To unlock a project, open it in the VBA Editor (supplying the password), display the VBA Project Properties dialog box (by right-clicking the project's name in the Project Explorer, and then choosing the Project Properties option from the context menu), clear the Lock Project For Viewing check box on the Protection page, and click the OK button. Save the file that contains the project.

The Bottom Line

• Understand how VBA implements security. Microsoft takes a multipronged approach to protecting users from malicious VBA code embedded in documents and capable of launching itself when the user simply opens the document.
  • Master It Name two ways that users are protected from malicious VBA code.
• Sign a macro project with a digital signature. You can add a digital signature to your projects by creating your own certification, getting it from your company, or getting it from certification authorities such as VeriSign.
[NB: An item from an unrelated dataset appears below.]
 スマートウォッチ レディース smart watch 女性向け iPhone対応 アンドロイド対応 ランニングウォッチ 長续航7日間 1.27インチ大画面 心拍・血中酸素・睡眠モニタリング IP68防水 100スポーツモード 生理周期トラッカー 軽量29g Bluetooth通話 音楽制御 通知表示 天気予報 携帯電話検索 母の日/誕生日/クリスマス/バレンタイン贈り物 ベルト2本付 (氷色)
  • Master It Describe the limitations of self-certifying a VBA macro project—without obtaining a certificate from your company or a commercial certification authority.
• Get a digital certificate. Commercial certification authorities provide the greatest level of security, but their certification is also more difficult to attain than self-certification or certification from your company.
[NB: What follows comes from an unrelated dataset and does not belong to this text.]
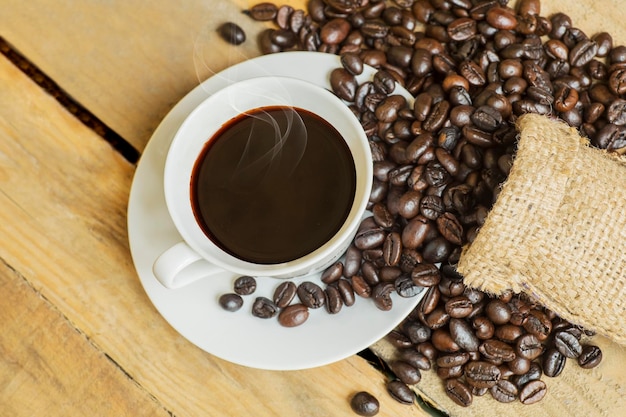 Top view of a served cup filled with brewed coffee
  • Master It Name some of the ways you may be required to prove your identity when obtaining a digital signature from a commercial certification authority.
• Choose the appropriate security level. When choosing the right security level to use VBA macros safely, you or a user of your code must achieve a balance. The security level must be set high enough to avoid malicious or incompetent code but low enough that it doesn't prevent you from running useful, safe code.
  • Master It To set a suitable level of security for your purposes, open the Trust Center in Access, Word, Excel, or PowerPoint. You'll see four settings. Which one of the following five settings is not available?
    • Disable All Macros Without Notification
    • Disable All Macros With Notification
    • Disable All Macros Except Digitally Signed Macros
    • Enable All Macros With Notification
    • Enable All Macros
• Lock your code You can protect your source code in the VBA Editor from others. You can add a password to a project so that others can't open your VBA procedures for reading or modifying. (Although this feature might still be broken in Office 2019.)
  • Master It What is one drawback to locking your code?